Steven Smith conducting
April 14, Virginia Museum of Fine Arts
The Cochrane Atrium of the new McGlothlin Wing at the Virginia Museum of Fine Arts is a bright, monumental space that serves as the “main street” of the expanded facility. More prosaically, it is the building’s lobby, with constant coming and going and attendant chatter and ambient noises. It is not a space suited to a performance by a chamber orchestra. That was (semi-)audible just a few minutes into a concert staged to celebrate “Picasso: Masterpieces from the Musée National Picasso,” running through May 15.
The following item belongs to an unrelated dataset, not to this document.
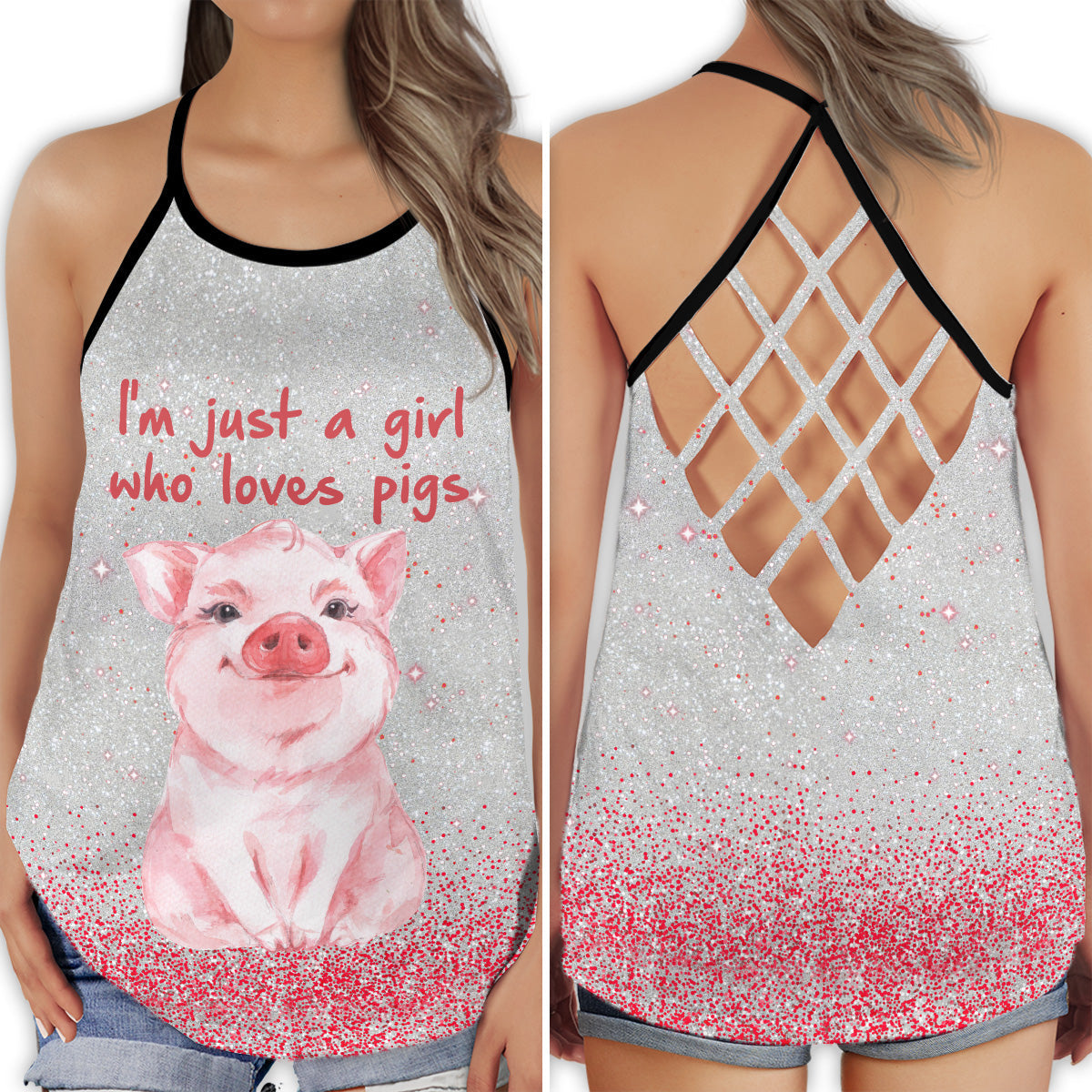 Girl Who Loves Pigs Farm Charm Hollow Tank Top For Yoga Workouts And Casual Wear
The program was right: works by Stravinsky, Satie, Ravel and Milhaud, all figures Picasso knew (and sometimes collaborated with in theatrical productions) in early 20th-century Paris, plus an arrangement of Vernon Duke’s “April in Paris” prepared by conductor Steven Smith. The orchestra’s placement, on a sun-dappled second-story landing, clustered around Barry Flanagan’s “Large Leaping Hare” (popularly known as the golden bunny) and a backdrop of spring greenery outside the windows, was a vision waiting to be documented on canvas.
But the music sounded distant and muted; only high-register sounds carried to listeners seated and standing 20 feet below. It would have sounded anemic under optimal conditions.
The symphony and museum, Richmond’s two largest arts institutions, hope to collaborate regularly. To collaborate successfully, they need a space in which music can be heard clearly and with minimal extra-musical noise.
The museum’s Marble Hall has proved to be an excellent space for all kinds of music, including orchestral. The Cheek Theater is used for music, among other things, but its acoustics are too dry for orchestra. Outdoors, several spots in and around the Robins Sculpture Garden look promising; the terrace and sloping lawn just west of the main entrance might do nicely as an amphitheater.
The atrium? No. Unless you like playing in traffic.